• **What is required**
Would you give again, exactly as written, the lines from the opening of the records to the line with "And the AI has", that line included and pictures excluded?
Provided information Block Start
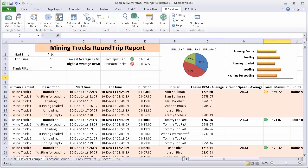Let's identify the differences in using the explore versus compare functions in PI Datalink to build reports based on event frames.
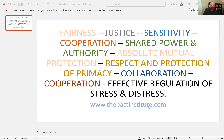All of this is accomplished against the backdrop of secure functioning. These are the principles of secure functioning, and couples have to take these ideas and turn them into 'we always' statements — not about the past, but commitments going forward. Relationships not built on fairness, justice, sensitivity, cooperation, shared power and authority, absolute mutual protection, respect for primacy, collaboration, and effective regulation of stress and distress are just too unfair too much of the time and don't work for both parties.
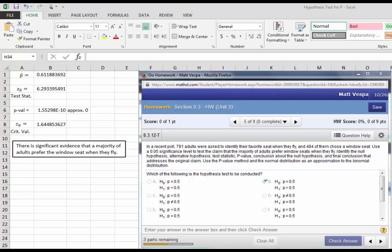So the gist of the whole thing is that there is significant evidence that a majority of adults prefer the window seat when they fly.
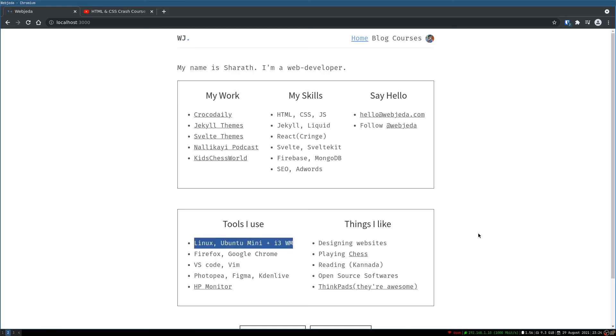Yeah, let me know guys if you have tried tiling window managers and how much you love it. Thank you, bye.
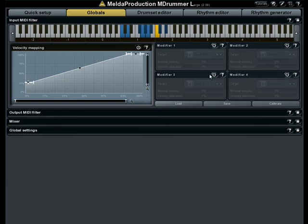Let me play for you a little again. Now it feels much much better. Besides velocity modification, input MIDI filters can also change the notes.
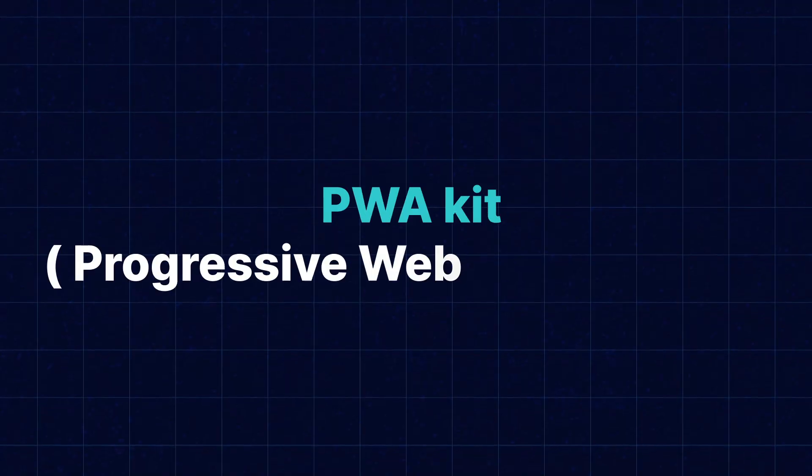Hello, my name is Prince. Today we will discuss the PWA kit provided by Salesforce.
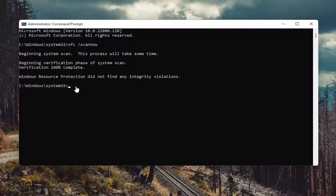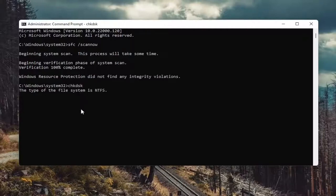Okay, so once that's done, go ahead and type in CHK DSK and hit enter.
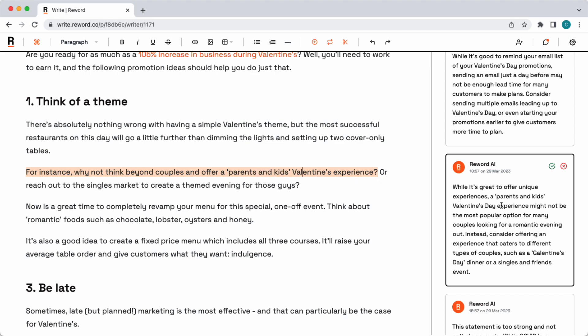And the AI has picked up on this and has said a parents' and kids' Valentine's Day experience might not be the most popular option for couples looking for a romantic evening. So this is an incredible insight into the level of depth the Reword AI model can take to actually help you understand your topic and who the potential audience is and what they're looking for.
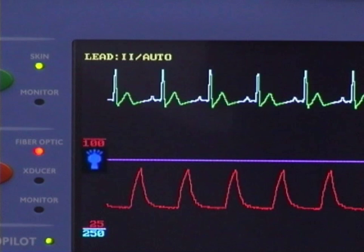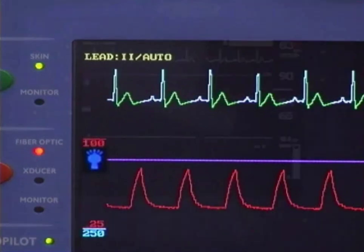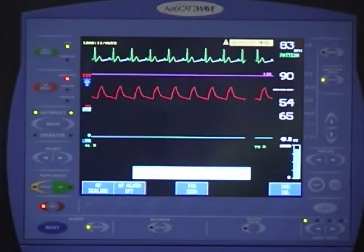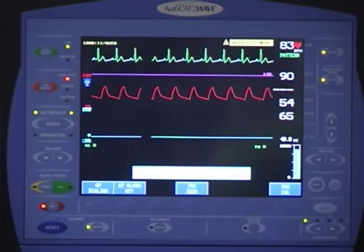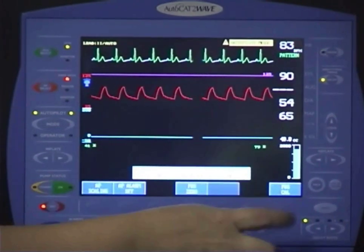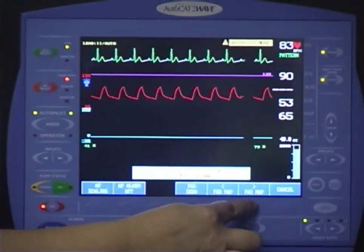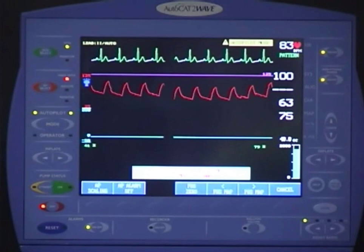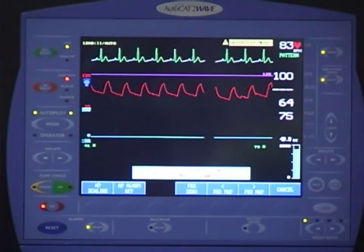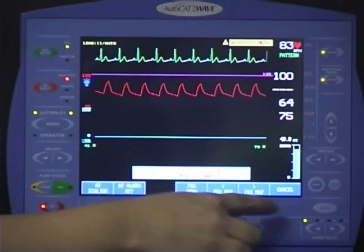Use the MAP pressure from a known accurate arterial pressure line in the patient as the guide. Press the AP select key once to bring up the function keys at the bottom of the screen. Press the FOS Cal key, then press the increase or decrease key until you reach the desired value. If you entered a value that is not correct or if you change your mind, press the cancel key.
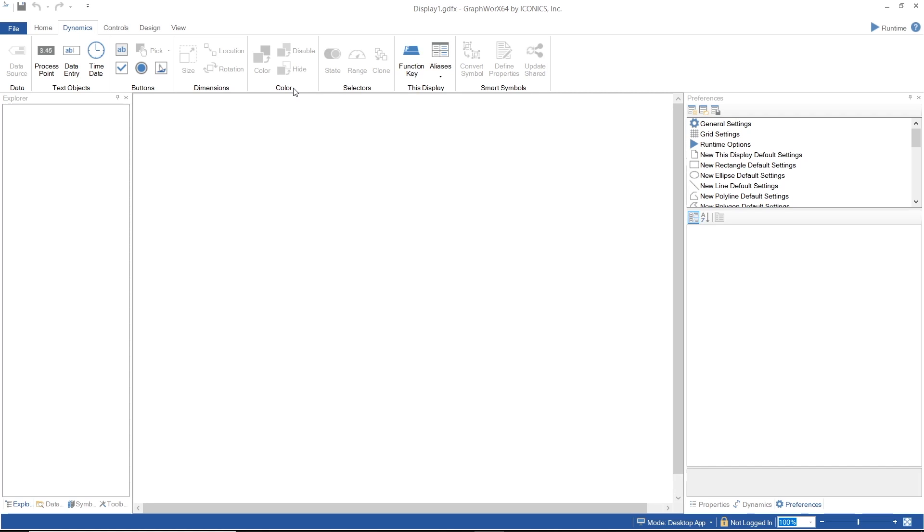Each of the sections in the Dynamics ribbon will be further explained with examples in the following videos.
Provided information Block End
• **Response**
Let's identify the differences in using the explore versus compare functions in PI Datalink to build reports based on event frames.
All of this is accomplished against the backdrop of secure functioning. These are the principles of secure functioning, and couples have to take these ideas and turn them into 'we always' statements — not about the past, but commitments going forward. Relationships not built on fairness, justice, sensitivity, cooperation, shared power and authority, absolute mutual protection, respect for primacy, collaboration, and effective regulation of stress and distress are just too unfair too much of the time and don't work for both parties.
So the gist of the whole thing is that there is significant evidence that a majority of adults prefer the window seat when they fly.
Yeah, let me know guys if you have tried tiling window managers and how much you love it. Thank you, bye.
Let me play for you a little again. Now it feels much much better. Besides velocity modification, input MIDI filters can also change the notes.
Hello, my name is Prince. Today we will discuss the PWA kit provided by Salesforce.
Okay, so once that's done, go ahead and type in CHK DSK and hit enter.
And the AI has picked up on this and has said a parents' and kids' Valentine's Day experience might not be the most popular option for couples looking for a romantic evening. So this is an incredible insight into the level of depth the Reword AI model can take to actually help you understand your topic and who the potential audience is and what they're looking for.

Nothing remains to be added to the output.